→ **Problem to solve**
Your task is to output the listing exactly, leaving every image out.

→ **Data for this task**
**********
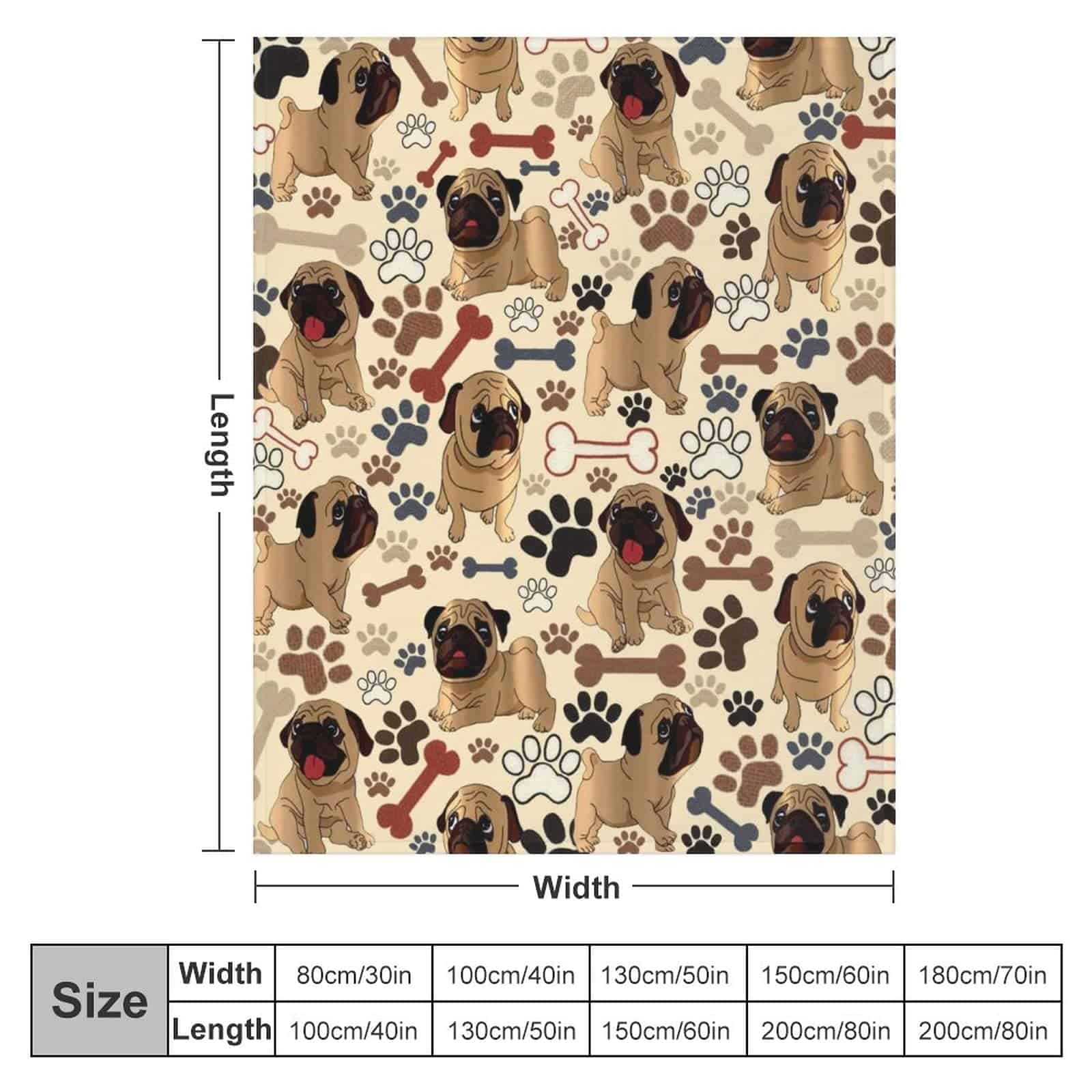 Manta de Pug Cálida y Esponjosa para Sofá Cama Sala de - Imagen 3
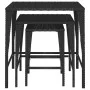Stackable tables 3 pieces black synthetic rattan by vidaXL, Side tables - Ref: Foro24-319384, Price: 47,84 €, Discount: %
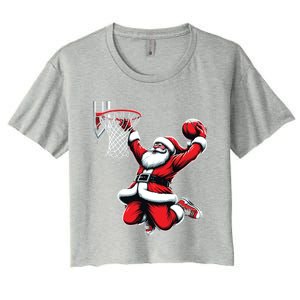 Santa Claus Dunking A Basketball Funny Christmas Basketball Gift Women's Crop Top Tee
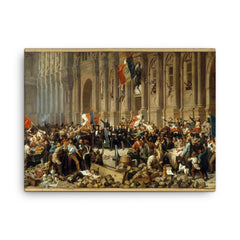 Alphonse de Lamartine Declaring the Second French Republic at Hôtel de Ville, Paris, c. 1848 canvas print on a plain backdrop in size 18"x24".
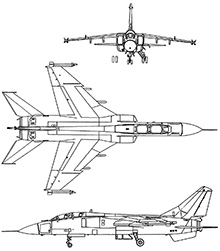 Plan 3 vues du Xian JH-7 'Flounder'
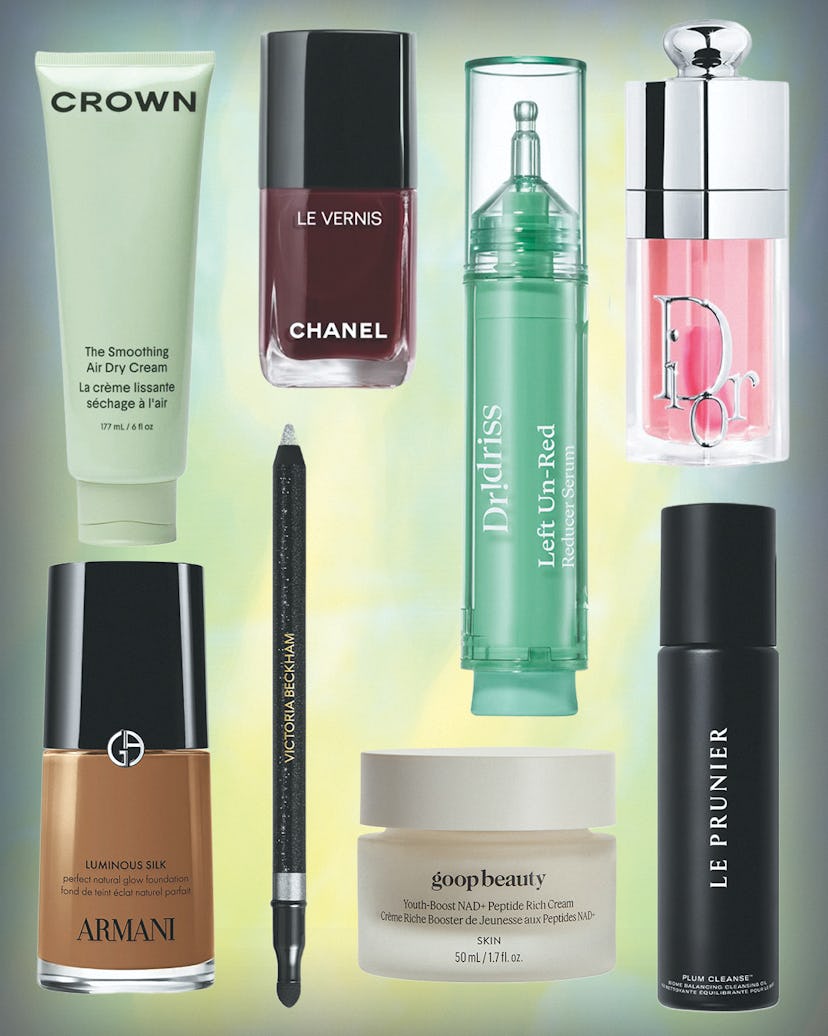 a collage of new beauty products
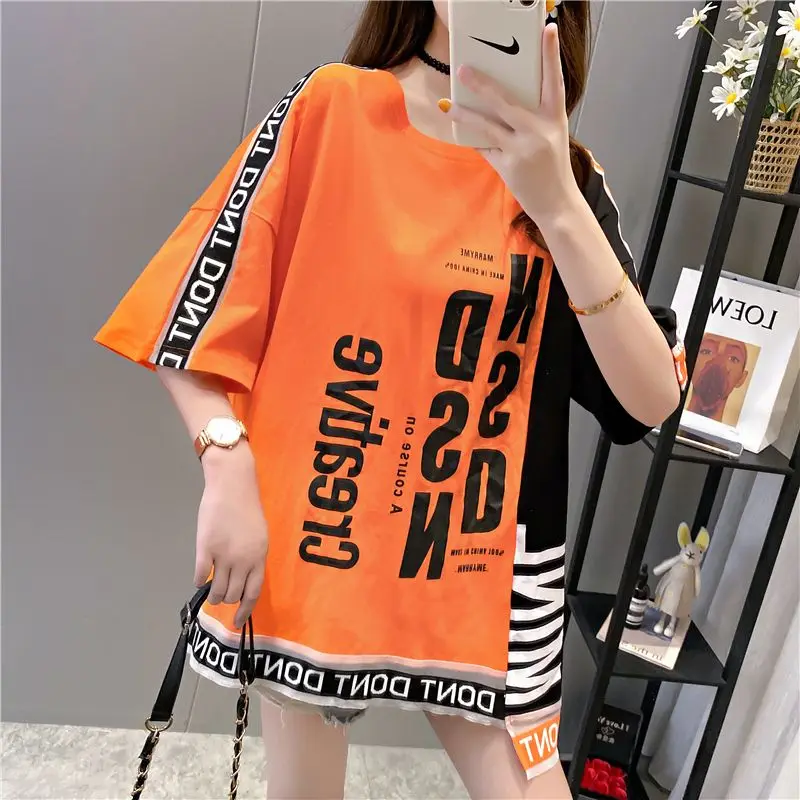 2024 Summer Korean Version Medium Length Round Neck Irregular Color Blocking Fashion Letter Print Loose Casual Oversize T-shirt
**********
→ **Response**
 Manta de Pug Cálida y Esponjosa para Sofá Cama Sala de - Imagen 3
Stackable tables 3 pieces black synthetic rattan by vidaXL, Side tables - Ref: Foro24-319384, Price: 47,84 €, Discount: %
 Santa Claus Dunking A Basketball Funny Christmas Basketball Gift Women's Crop Top Tee
 Alphonse de Lamartine Declaring the Second French Republic at Hôtel de Ville, Paris, c. 1848 canvas print on a plain backdrop in size 18"x24".
 Plan 3 vues du Xian JH-7 'Flounder'
 a collage of new beauty products
 2024 Summer Korean Version Medium Length Round Neck Irregular Color Blocking Fashion Letter Print Loose Casual Oversize T-shirt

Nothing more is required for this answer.